Goal of the exercise: Look through the entries below and extract exactly the lines from the one containing "Eb 2 Green Card" through the one containing "Konya'dan kar manzaraları 21", ends included.
** Extracted records follows **
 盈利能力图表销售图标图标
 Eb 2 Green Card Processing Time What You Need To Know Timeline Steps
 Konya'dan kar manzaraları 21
** End of Extracted records **
** Extracted records follows **
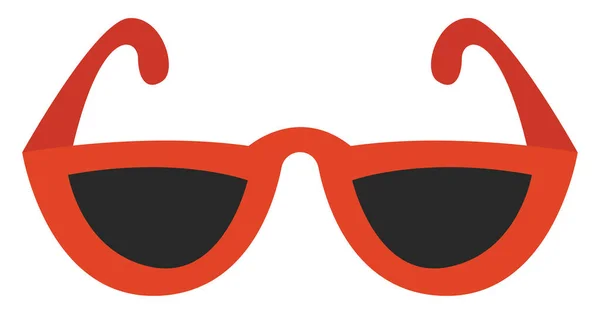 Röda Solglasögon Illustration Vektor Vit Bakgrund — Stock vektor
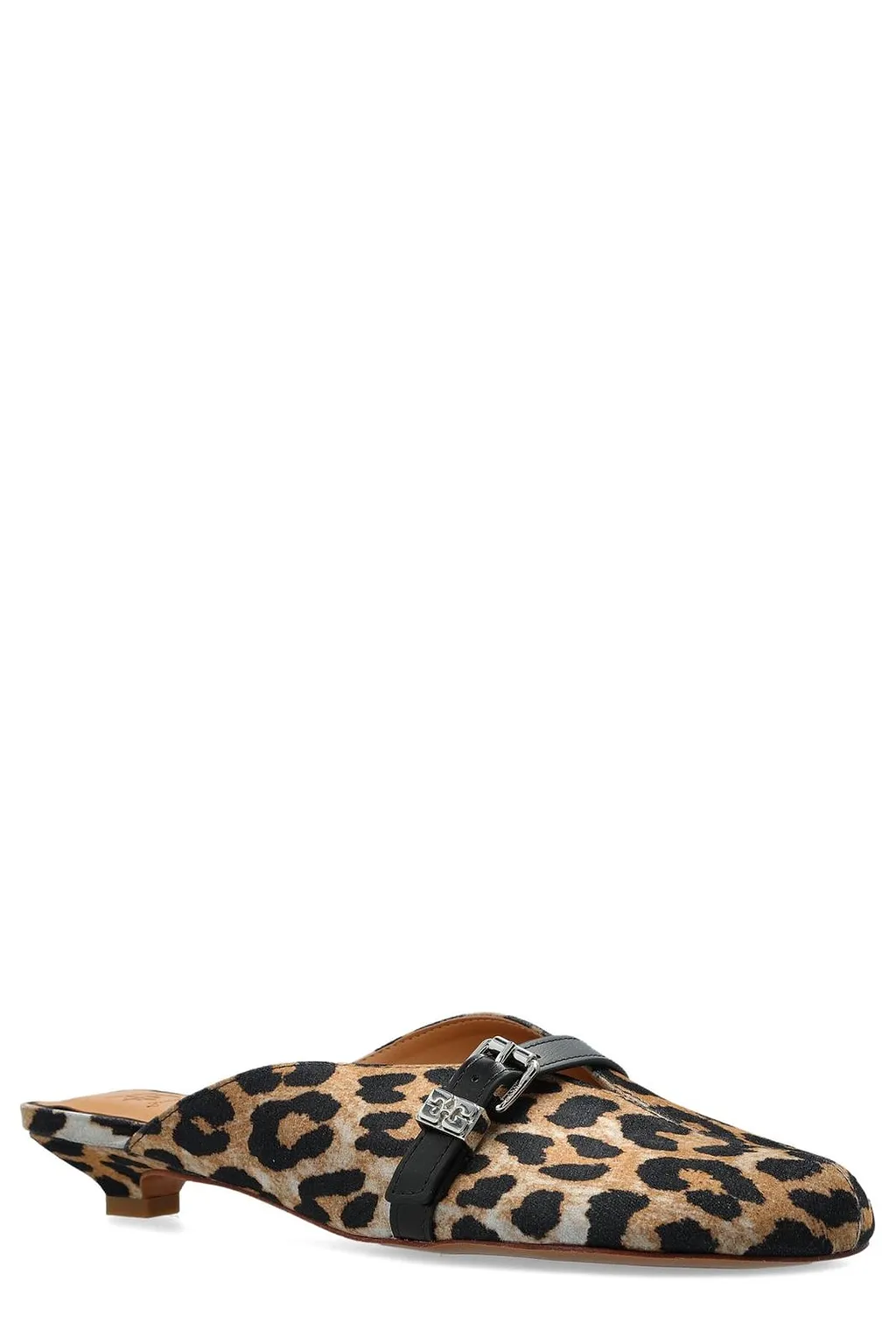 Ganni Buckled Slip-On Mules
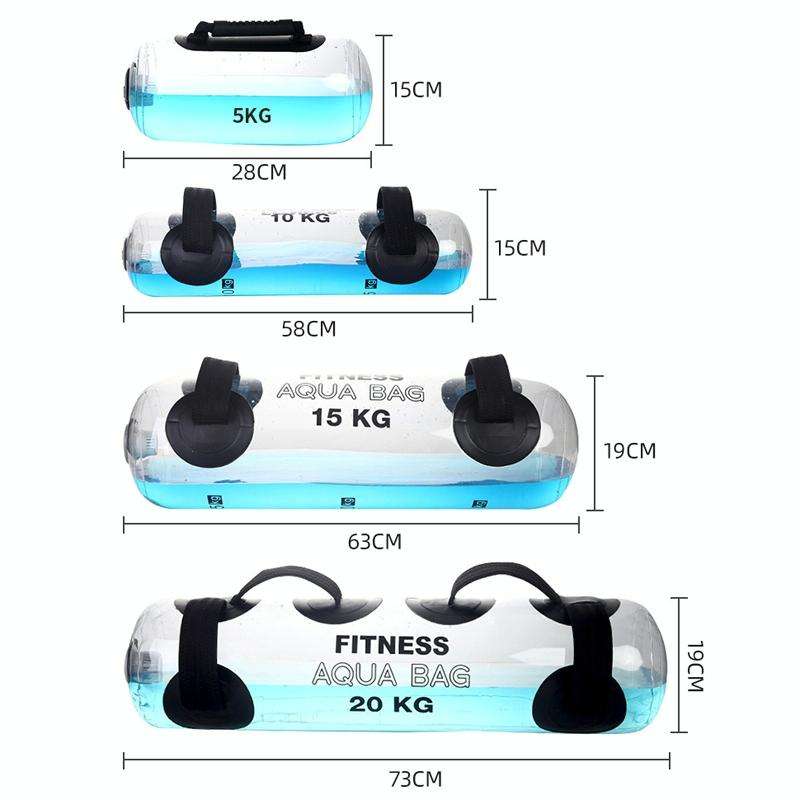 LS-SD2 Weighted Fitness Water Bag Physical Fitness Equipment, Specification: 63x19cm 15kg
** End of Extracted records **
Answer space:
 Eb 2 Green Card Processing Time What You Need To Know Timeline Steps
 Konya'dan kar manzaraları 21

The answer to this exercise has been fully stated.